INFORMATION SHOWN:
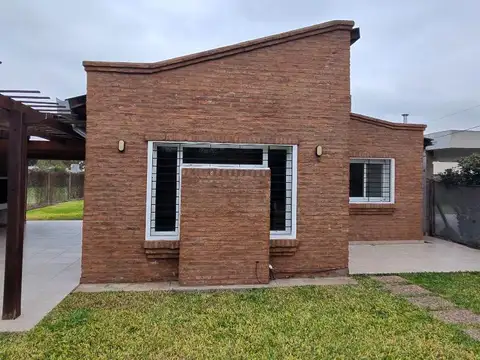 Casa en Alquiler en Roldan, $ 1.200.000
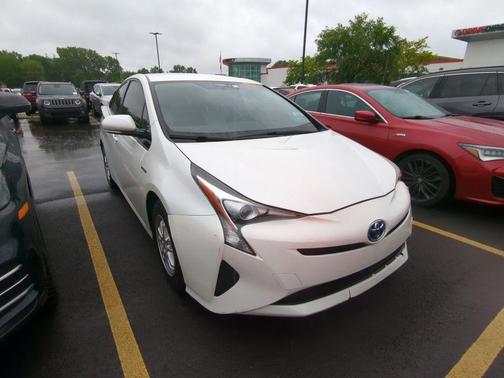 Blizzard Pearl 2016 Toyota Prius Two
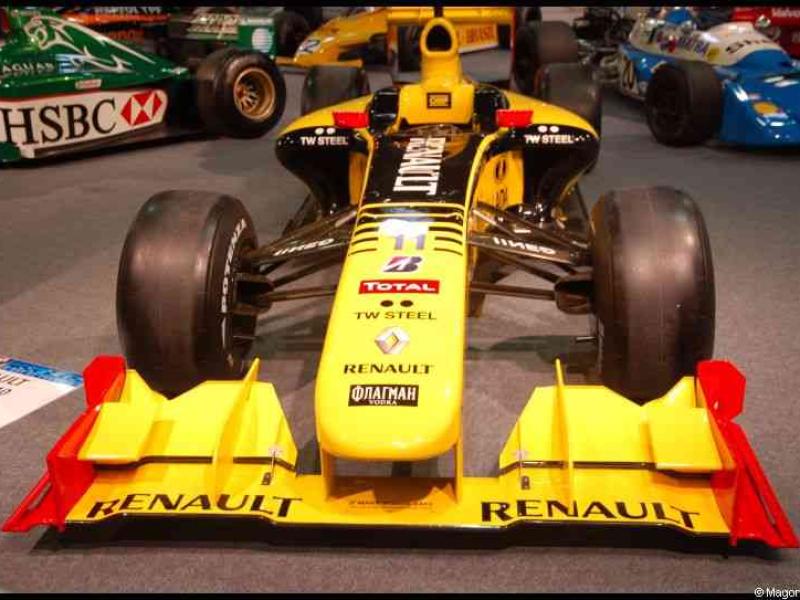 Motorshow 2010 в Люксембурге: желтый Renault F1 с логотипами TW Steel и Total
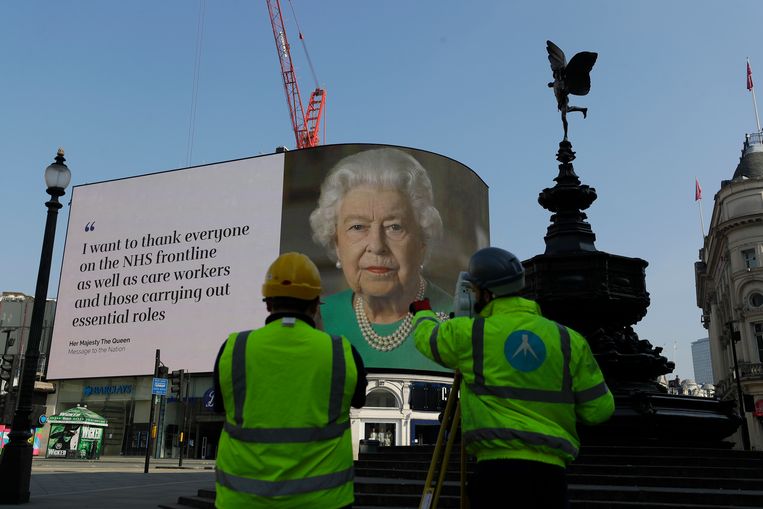 Koningin Elizabeth bedankt op een billboard de Britse zorg voor haar inzet tijdens de coronapandemie.  Beeld AP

EXERCISE DESCRIPTION: Give again the lines from the line that contains "Blizzard Pearl 2016 Toyota Prius Two" through the last line of the material above, exactly and with both ends included. Omit the pictures.

WRITTEN SOLUTION:
 Blizzard Pearl 2016 Toyota Prius Two
 Motorshow 2010 в Люксембурге: желтый Renault F1 с логотипами TW Steel и Total
 Koningin Elizabeth bedankt op een billboard de Britse zorg voor haar inzet tijdens de coronapandemie.  Beeld AP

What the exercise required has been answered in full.